辛うじて切断は可能だったが断面はボロボロで、作っている途中に何度か指の人工皮膚を裂いてしまった。
花弁が閉じたままの状態の品を持って外に出る。
プラヴァに工具でも借りようかと考えたが、外出中のようでキャンプ内の何処にも見当たらなかった。
「よぉ! 何うろうろしてんだ?」
『あ、ヒルマイナ。』
少し離れた場所からヒルマイナが近寄ってきた。
「その茶色いの何?」
「報告:錆」
「いやそうじゃなくって!」
10Dの持つ製作物を指差す。
『花……のはずなんだけど、金属板が上手く曲がらなくって。曲げられる工具を貸してもらおうと思ってプラヴァを探してるんだけど今は居ないみたい。』
「要は……工具でも何でも曲げられりゃ良い訳だな! 貸してみ!」
サッとヒルマイナが10Dの手から茶色いのを取ると、金属板の蕾を強引に広げようとした。
「あ、これなら曲げられそう」
逞しく作られている男性型アンドロイドなだけあって、ヒルマイナは余裕のある調子で言った。
『あっ、待ってヒルマイナ。
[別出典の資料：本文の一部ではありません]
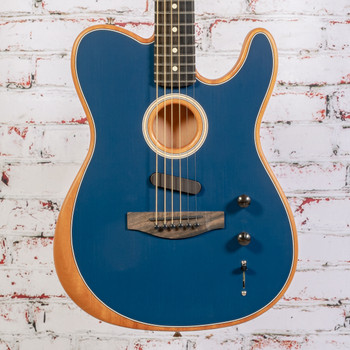Fender - American Acoustasonic® Telecaster® Electric Guitar - Ebony Fingerboard - Steel Blue - w/ Bag - x245A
ちゃんとした見本を見せるから、それの通りに曲げてみて。』
「任せろ~ッ!」
画像を覗き込みながら似たような曲線を作っていく。
意外にも器用だ、と10Dは少し驚いた様子でヒルマイナの手元を凝視した。
「……よしっ、こんなもんだろ!」
『ありがとう。よく出来たね。』
「錆が酷いから割れるかと思って何度もヒヤヒヤしたぜ!」
そう言うもあっけらかんに笑いながら10Dに花の形になったものを渡した。
「……ちょっと指先が荒れたな。10D、端のギザギザを無くさないと怪我しちまうぞ! プラヴァの工具に金ヤスリもあった筈だから、俺が取って来る!」
赤茶色の鉄屑が所々に刺さった自身の手を見るや否や、ヒルマイナは倉庫に向かって走り出した。
プラヴァからの承諾を得ずに持ち出してもいいのかと10Dはやや躊躇する。
だがヒルマイナがあっという間に持ってきてくれたのと本人が不在でいつ帰るか分からない状況からその躊躇いも消え、プラヴァが戻ってきたら返す時に一言添えようとだけ思って金ヤスリを使うことにした。